京都大徳寺

nankai2012-04-15

 今日は智勝会のOB会に出席のため,京都大徳寺の黄梅院にいってきた.黄梅院は,かつて智勝会の世話をしていただいていた雲水の和尚がいま住職をしておられるところで,豊臣秀吉小早川隆景らの帰依のもと,天正11年(1583)より築を改め,同16年(1588)できた大徳寺でも古い塔頭である.桜咲く頃であり,黄梅院も一般公開の最中であった.
 この間のことは「智勝会の人からの手紙」「人に会う(続)」に書いた.きょうは20名を超える人が参加,和尚の話を聞き,その後会食,それから会員の方で,企業で研究開発してこられた人の話も聞き,夕方まで京都にいた.和尚は旧満州で生まれ,敗戦の混乱期に両親が亡くなり,寺に預けられて雲水になられた.この話は知らなかった.参加者の多くは大学や企業で働き定年を迎えられていて,私より数年上の人である.私のようにもとの道から外れて今もあまり変わらず働いている方が少ないかも知れない.それでも,かつて禅修行をしたものどうし,この世の中での立場を越えた話しはできる.

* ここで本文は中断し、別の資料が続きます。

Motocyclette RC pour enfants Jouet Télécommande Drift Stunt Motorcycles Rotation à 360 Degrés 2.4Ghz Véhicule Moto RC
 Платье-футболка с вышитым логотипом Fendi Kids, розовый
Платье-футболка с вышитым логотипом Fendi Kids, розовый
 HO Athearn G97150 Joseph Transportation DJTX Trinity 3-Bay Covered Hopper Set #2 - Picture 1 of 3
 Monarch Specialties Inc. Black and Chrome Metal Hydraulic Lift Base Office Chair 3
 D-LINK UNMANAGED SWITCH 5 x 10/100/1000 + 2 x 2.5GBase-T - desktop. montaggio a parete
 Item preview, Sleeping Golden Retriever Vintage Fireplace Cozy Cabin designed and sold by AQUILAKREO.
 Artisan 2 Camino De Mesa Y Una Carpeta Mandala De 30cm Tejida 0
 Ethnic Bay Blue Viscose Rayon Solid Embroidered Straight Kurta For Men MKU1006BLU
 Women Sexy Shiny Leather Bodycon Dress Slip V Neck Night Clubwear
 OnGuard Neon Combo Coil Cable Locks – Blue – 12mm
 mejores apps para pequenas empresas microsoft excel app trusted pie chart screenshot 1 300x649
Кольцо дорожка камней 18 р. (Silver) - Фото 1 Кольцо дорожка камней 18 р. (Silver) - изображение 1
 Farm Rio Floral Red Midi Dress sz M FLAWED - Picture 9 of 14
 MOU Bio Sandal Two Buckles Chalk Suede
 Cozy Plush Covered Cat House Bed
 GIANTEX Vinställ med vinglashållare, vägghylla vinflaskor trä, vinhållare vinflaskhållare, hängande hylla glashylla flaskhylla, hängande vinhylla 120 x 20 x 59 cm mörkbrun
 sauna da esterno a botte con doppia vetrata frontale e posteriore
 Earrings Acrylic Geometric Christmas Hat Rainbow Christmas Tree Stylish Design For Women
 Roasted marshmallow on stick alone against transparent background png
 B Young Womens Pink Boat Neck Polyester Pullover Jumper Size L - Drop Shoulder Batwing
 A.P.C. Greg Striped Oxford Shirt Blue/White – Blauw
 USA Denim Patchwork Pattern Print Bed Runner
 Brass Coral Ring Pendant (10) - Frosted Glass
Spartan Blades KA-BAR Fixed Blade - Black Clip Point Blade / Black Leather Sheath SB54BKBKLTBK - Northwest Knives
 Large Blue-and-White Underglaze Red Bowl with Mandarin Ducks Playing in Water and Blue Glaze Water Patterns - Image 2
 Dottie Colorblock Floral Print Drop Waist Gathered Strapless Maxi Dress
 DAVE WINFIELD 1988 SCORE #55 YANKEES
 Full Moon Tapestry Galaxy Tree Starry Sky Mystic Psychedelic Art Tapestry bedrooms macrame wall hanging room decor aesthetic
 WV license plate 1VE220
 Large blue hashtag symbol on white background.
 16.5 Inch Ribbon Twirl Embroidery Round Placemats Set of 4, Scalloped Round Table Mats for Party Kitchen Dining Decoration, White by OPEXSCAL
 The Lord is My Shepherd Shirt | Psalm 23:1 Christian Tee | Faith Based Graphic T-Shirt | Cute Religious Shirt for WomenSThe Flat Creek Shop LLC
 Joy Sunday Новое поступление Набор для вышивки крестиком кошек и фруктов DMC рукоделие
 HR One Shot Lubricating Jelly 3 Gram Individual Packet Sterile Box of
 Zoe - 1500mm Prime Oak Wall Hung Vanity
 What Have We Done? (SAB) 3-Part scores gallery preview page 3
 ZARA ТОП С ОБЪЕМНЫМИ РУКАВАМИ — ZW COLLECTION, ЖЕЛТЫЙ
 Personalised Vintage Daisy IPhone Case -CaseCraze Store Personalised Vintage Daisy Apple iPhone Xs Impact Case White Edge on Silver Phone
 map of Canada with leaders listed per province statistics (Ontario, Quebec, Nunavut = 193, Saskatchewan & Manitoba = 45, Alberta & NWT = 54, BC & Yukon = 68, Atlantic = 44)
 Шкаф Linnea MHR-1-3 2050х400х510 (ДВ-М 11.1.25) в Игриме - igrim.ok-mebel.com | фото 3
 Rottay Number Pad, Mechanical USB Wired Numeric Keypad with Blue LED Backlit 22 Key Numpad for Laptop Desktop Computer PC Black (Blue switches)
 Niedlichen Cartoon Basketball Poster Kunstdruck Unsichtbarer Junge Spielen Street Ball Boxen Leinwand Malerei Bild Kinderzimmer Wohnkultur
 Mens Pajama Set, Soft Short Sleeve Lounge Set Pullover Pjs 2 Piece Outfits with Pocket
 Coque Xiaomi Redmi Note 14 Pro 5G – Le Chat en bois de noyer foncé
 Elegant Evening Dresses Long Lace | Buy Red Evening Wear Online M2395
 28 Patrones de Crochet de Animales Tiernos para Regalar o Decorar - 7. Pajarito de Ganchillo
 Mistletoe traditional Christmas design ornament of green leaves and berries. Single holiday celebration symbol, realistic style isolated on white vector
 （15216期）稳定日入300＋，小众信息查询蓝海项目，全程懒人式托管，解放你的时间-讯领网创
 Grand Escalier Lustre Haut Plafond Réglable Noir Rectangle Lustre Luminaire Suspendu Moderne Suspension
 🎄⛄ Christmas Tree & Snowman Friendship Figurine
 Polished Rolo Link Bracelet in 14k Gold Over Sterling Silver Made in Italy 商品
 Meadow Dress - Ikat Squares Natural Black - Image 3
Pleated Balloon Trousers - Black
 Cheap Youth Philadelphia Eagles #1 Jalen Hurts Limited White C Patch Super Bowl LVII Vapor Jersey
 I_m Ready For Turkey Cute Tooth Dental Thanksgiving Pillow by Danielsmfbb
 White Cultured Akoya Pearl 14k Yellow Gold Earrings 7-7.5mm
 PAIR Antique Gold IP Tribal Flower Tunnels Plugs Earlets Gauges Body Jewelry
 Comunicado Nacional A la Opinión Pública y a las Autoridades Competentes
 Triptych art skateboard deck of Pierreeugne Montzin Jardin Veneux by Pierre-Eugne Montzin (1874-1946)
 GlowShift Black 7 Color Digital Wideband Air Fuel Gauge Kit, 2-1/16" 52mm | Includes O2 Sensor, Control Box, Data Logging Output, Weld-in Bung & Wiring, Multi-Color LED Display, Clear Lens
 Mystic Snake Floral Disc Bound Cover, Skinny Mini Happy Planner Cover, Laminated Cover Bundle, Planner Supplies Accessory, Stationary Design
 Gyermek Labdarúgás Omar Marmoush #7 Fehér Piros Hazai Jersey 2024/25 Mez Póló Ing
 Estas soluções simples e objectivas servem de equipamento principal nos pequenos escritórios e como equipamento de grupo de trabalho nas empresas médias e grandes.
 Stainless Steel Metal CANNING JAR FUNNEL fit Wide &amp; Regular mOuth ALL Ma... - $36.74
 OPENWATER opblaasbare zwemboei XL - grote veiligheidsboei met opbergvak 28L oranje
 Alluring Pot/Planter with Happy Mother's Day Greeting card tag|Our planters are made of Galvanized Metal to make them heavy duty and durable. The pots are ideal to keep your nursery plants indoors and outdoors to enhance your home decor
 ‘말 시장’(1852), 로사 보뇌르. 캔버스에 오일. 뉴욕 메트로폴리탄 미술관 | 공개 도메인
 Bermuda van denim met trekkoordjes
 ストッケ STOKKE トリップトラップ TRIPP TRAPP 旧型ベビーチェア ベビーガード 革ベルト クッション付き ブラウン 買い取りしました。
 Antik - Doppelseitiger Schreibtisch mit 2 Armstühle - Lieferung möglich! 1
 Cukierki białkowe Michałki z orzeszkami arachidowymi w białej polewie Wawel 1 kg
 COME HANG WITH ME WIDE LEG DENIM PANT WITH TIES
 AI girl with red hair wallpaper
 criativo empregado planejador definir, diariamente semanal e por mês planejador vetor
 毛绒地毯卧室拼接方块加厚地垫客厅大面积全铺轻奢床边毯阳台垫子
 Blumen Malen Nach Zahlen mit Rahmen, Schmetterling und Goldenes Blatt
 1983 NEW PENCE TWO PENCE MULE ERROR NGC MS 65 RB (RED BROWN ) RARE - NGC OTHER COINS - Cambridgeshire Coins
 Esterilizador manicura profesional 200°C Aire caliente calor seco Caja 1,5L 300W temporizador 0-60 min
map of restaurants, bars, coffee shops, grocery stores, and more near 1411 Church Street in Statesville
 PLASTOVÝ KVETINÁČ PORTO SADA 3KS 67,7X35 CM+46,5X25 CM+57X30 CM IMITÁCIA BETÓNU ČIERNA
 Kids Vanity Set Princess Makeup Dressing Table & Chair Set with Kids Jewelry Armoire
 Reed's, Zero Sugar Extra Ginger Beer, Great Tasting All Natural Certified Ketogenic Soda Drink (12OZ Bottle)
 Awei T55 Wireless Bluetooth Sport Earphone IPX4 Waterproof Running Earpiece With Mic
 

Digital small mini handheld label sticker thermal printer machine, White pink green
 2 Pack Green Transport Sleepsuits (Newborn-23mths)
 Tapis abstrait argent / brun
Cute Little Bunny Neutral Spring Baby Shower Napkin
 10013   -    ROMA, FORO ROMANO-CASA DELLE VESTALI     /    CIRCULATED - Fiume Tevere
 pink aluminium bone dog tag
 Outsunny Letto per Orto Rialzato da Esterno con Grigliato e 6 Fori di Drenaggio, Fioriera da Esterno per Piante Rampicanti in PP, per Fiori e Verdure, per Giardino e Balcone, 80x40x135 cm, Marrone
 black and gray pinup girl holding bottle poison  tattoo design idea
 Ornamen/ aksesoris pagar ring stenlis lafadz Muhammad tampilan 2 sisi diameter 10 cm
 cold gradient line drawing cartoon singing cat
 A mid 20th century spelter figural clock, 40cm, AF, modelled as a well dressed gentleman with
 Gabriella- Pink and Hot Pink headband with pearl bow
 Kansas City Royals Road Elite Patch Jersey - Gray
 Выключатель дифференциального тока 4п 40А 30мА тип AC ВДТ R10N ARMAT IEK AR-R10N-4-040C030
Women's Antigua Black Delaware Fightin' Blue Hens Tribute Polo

 智勝会が一般の在家居士だけの会になり,ほとんど学生がいないことを寂しがり嘆く声も聞いた.今,あの厳しい僧堂の修行にあえて飛び込もうとする学生など,とりわけそんな京大生がほとんどいないことは,高校生を見てきたこちらには分かる.人生を模索すること自体の中に真実があり,それでいいのだと,身をもって分かることが修業そのものなのだが,仏道修行と言うことも今の多くの大学生には何のことかわからないだろう.
 ただ,例えば兵庫県の北部にある安泰寺のことや,安泰寺のドイツ出身の住職のことなどを読むと,こういう所にやってくる若い日本人もいるようなので,京都の学生だけで判断は出来ない.私は若い頃読んだ道元の非情の求道ということが,それなりに生涯の柱だった.それをこの京都相国寺僧堂での修行で,身につけたとまではいえないが,どこか体で学んだところがある.再び世が大きく動くなかで,困難でもそういう厳しさに飛び込む若い人がこれからまた出てくるだろう.
 大徳寺門前で大徳寺納豆と地酒を買って戻ってきた.写真上右は午後の日に照る黄梅院鐘楼.鐘は朝鮮伝来で加藤清正の寄進だそうだ.いいかえると,秀吉の朝鮮侵略で奪ってきたものかも知れない.